EL horizonte simbólico sobre cuyo trasfondo ciertos objetos recobran su vitalidad expresiva vuelve, por tanto, aunque tímidamente, a formar parte de las consideraciones del estudio «científico» y de los criterios de conservación de los museos. Ese horizonte posee también, por su naturaleza, un doble carácter. Por una parte es sincrónico, es decir, atañe a la relación estructural que en todo tiempo ciertos objetos mantienen con su condición litúrgica. Pero, por otra, es diacrónico, es decir, atañe a las diversas formas históricas de esta relación: no siempre la liturgia ha sido la misma y sus evoluciones son a su vez fuente de invenciones estéticas siempre nuevas.
De este entramado estructural, que ahonda mucho más profundamente que la simple vocación didáctica del arte religioso, tratan de hacerse cargo los numerosos museos de índole eclesial que en el último medio siglo, cada vez con mayor fecundidad en los últimos años, han surgido en toda Italia.

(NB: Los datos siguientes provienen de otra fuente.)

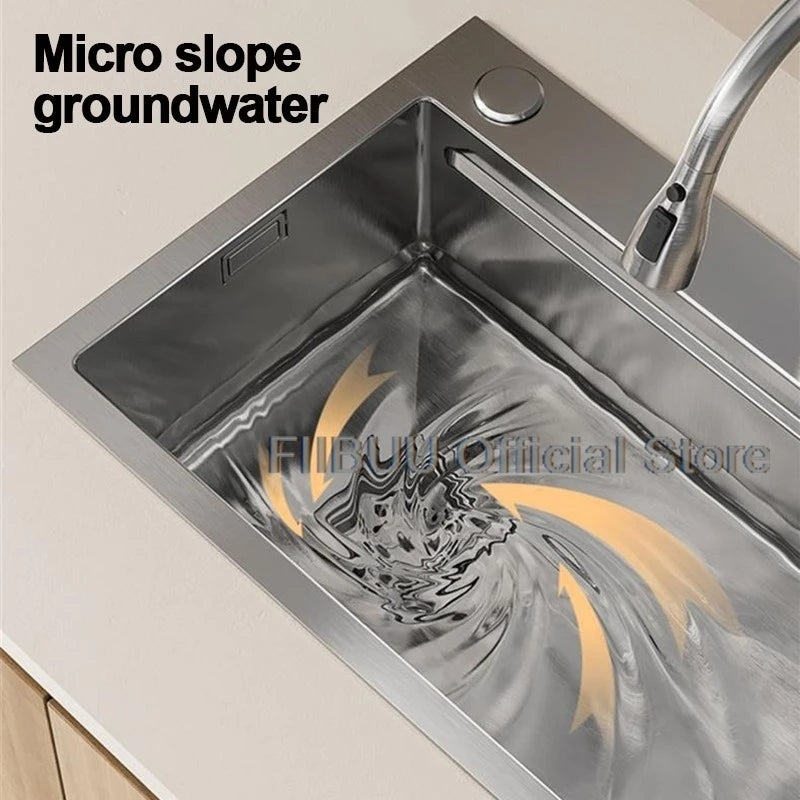 304 Stainless Steel Kitchen Sink Large Single Bowl Wash Basin Sink Undercounter Topmount Wear-Resistant Faucet Drain Accessories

Diría, en particular, los museos diocesanos. Su vocación ante todo a «conservar» el objeto, es inseparable de su preocupación por «preservar» la mirada llamada a contemplarlo de nuevo. Un depósito palpitante de sentido queda tenazmente vinculado a la realidad concreta de un patrimonio inseparable de su inspiración. La tarea consiste en no dejar que los objetos de arte queden como letra docta pero muerta de la cronología, sino que se conviertan en vehículos permanentes de un espíritu que actúa aún en ellos.
Los instrumentos para esta difícil empresa cultural –ya que lo es- son naturalmente muchos: didáctica, formación, promoción científica, arte de decorar. Con frecuencia también la vuelta de muchos de esos objetos al uso de la liturgia practicada. Empresa, por tanto, silenciosamente potente, capaz de atenuar la naturaleza del museo que, según una definición de Umberto Eco, no puede evitar ser «tumba para objetos muertos».
Pero la conservación revitalizadora de esta atención cristiana al arte, que en torno a los huesos de restos del pasado sabe reconstruir la carne de la vida espiritual, exige también realizarse con la fuerza de la fe de crear hoy nuevas formas, tomando sin miedo de las estéticas del hombre contemporáneo, que sigue siendo el destinatario, él y su modo de sentir, de la insuprimible pasión del Señor. Como siempre, el escriba convertido en discípulo sabe –y es preciso añadir debe- sacar de su tesoro cosas nuevas y cosas antiguas.